Citizen’s Redistricting Commission Maps Are Out
Citizen's Redistricting Commission Maps Are Out
August 15, 2011
Phillip Ung, firstname.lastname@example.org, (916) 443-1792
CALIFORNIA CITIZENS REDISTRICTING COMMISSION ADOPTED DISTRICT MAPS
California’s Independent Commission complete Congressional, Legislative and Board of Equalization redistricting
On August 15, 2011, the California Citizens Redistricting Commission (CCRC) voted to adopt its final Congressional, Legislative and Board of Equalization district maps. The vote on the final maps was 13 to 1 on State Assembly, 13 to 1 on State Senate, 13 to 1 on the Board of Equalization and 12 to 2 on the House of Representative maps.
Kathay Feng, Executive Director of California Common Cause stated, “The Commission’s open process of taking public input was in stark contrast to the previous system, when legislators drew their own district lines, often dividing neighborhoods or groups of people simply to benefit themselves. The Citizens Redistricting Commission has held more than 40 public hearings and listened to the testimonies of thousands of citizens to determine the final district lines.”

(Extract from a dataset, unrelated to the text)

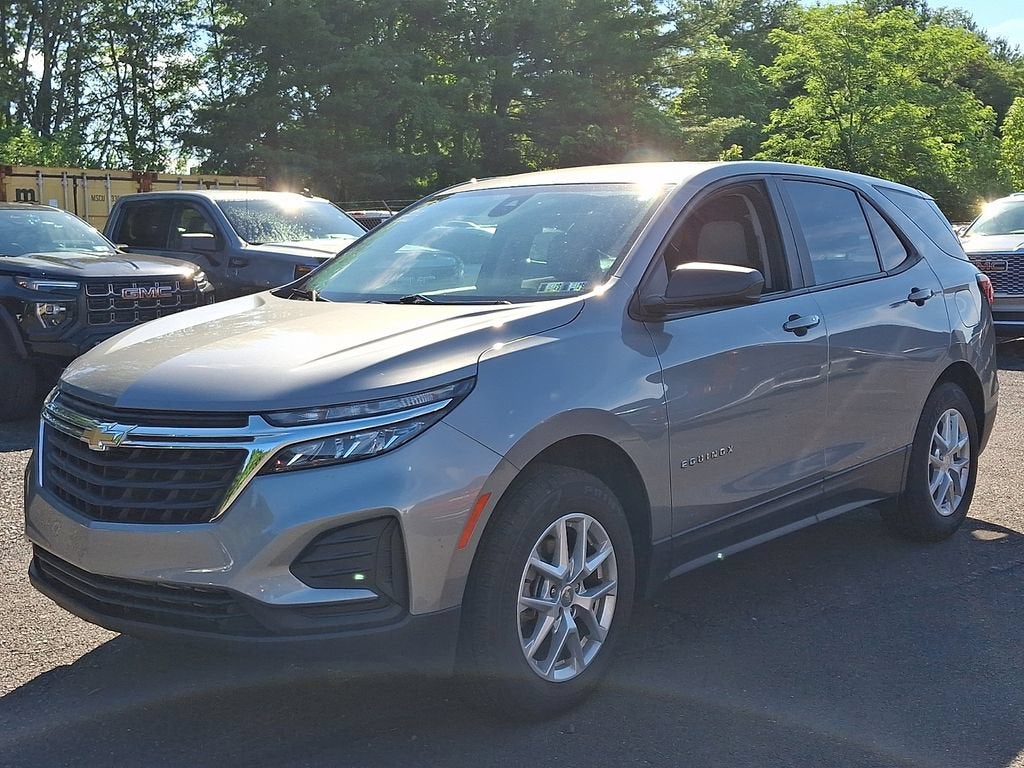 2023 Chevrolet Equinox LS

The new district lines reflect California’s changing demographics and encourage candidates for office to engage with their potential constituencies. Stated Derek Cressman, Western Regional Director of State Operations, “Gone are the days when redistricting was driven by party affiliation and incumbent protection, when over 90% of California’s elected officials could count on landslide wins despite low approval ratings, and districts almost never changed party hands.”
In addition, the new district maps take into consideration California community interests by keeping neighborhoods and similar populations intact. Neighborhoods such as Los Angeles’ Watts and Koreatown, which had been historically split, are kept whole.
Said Feng, “The extensive testimony from communities across California has shown that redistricting reform has the great potential to engage people in shaping our democracy.”
As amended by Propositions 11 and 20, the California Constitution requires the Commission to draw district maps that have equal populations, comply with the Voting Rights Act, and abide by a list of mapping criteria designed to provide fair representation for all Californians.